The number of officially registered jobless in Russia has reached 2.2 million, President Dmitry Medvedev said at a meeting with experts at the Institute of Modern Development.
Employment issues and struggle with unemployment was in focus.
“The situation in this sphere is not a simple one, and not only in our country, but the world over, and this is very alarming,” Medvedev said. “The parameters of registered unemployment we had expected toward the end of the year are already here.
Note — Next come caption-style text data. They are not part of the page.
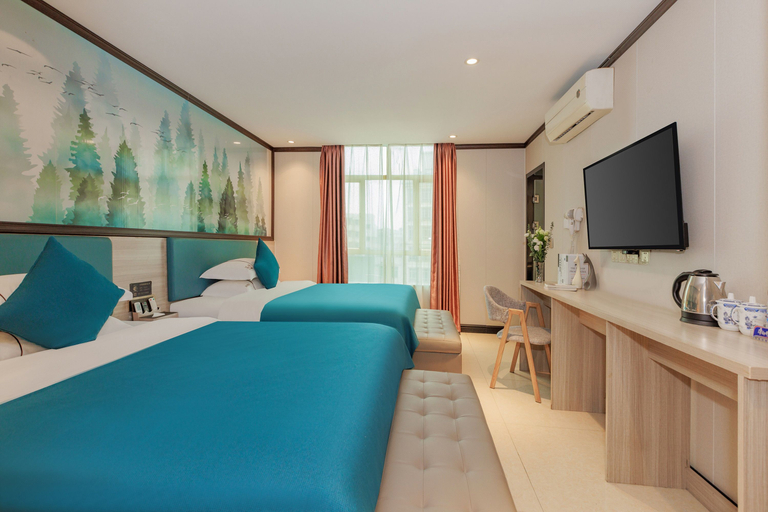 Bedroom, Liming Youke Hotel (Guangzhou Zengcheng Gualv Square Branch), Guangzhou
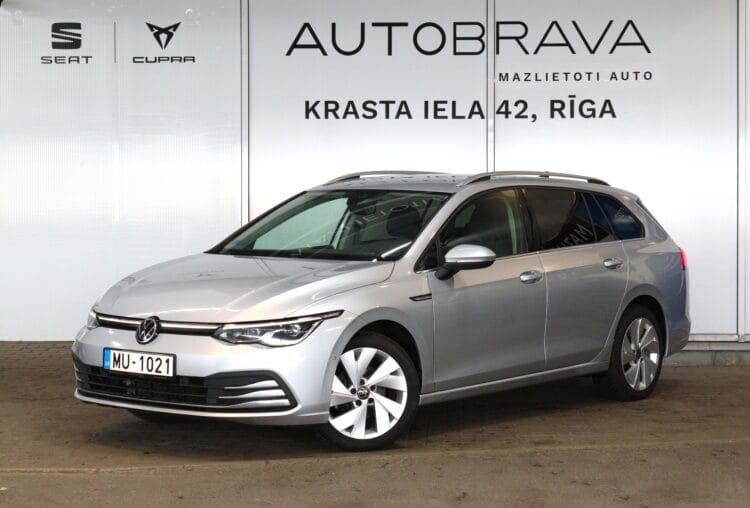 VW Golf 8 Varinat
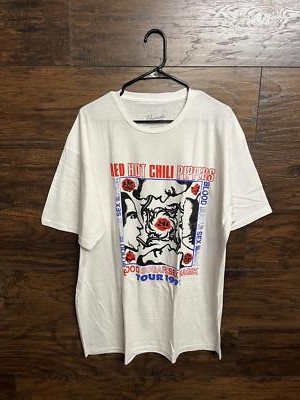 Red Hot Chili Peppers Blood Sugar Sex Magik Tour 1991 | eBay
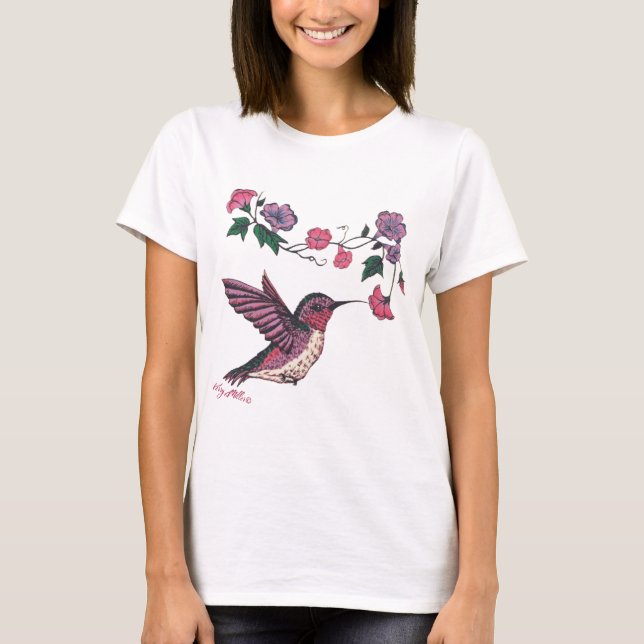 Camiseta Hummingbird (Anverso)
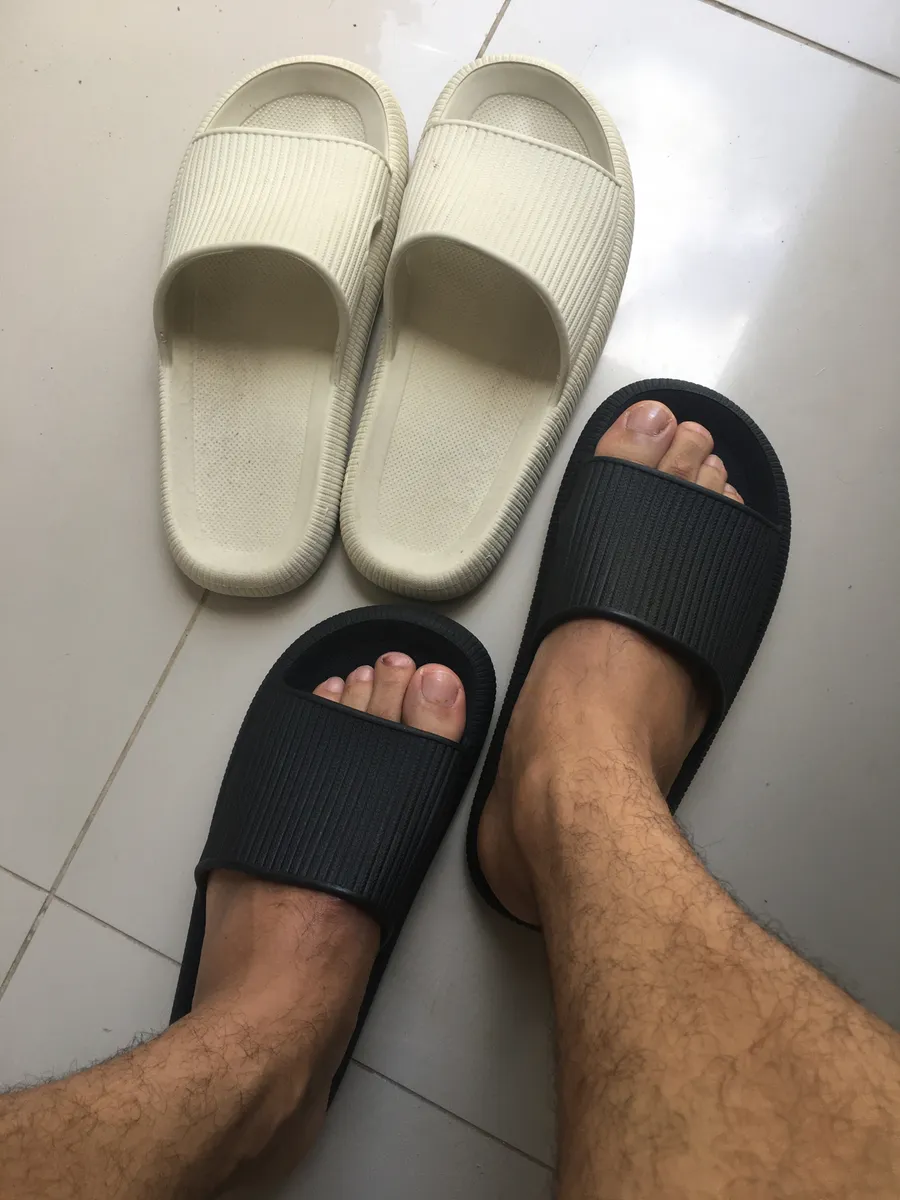 Chinelo Nuvem Ergonômico Unissex Slide Flexível Conforto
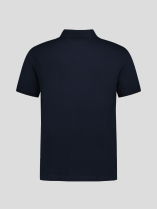 Polo Piqué Grande Taille Bleu Marine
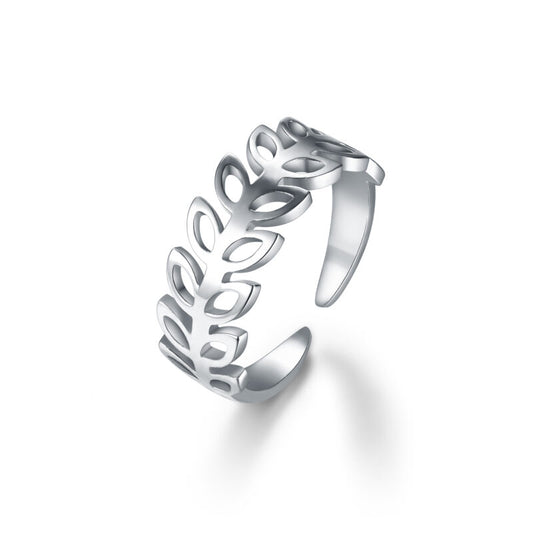 Anello da Piede foglie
Nearly 2.2 million jobless have been registered and the real unemployment is growing at a high pace.”
According to the methodology of the International Labor Organization, joblessness over the past six months has been up by 3 percentage points to 8.5 percent of the economically active population, ITAR-TASS reports.
Fears that unemployment and falling living standards could trigger social unrest in the country, which has seen a decade of resurgence on the back of a strong economic boom, is the worst nightmare for the Kremlin at a time of global crisis.
Yevgeny Gontmakher, one of the institute's leading experts, shocked the public last November by publishing a scenario of how mounting social problems could trigger chaos in the country.
"Either we start modernizing Russia at once from economy to politics or we plunge into a crisis from which there is no way out within the existing constitution," he wrote in the report.
Russia, which accumulated over $500 billion in reserves during the boom, is investing heavily to keep afloat key enterprises and help ease jobless figures.
But during a conversation with Medvedev on Tuesday at an event open to the media, Gontmakher sounded more optimistic, Reuters reports.
"We are not facing the problem of unemployment now," he said. "We need to talk about how to handle employment issues when we emerge from the crisis."
The head of the institute, Igor Yurgens, said the situation was under control.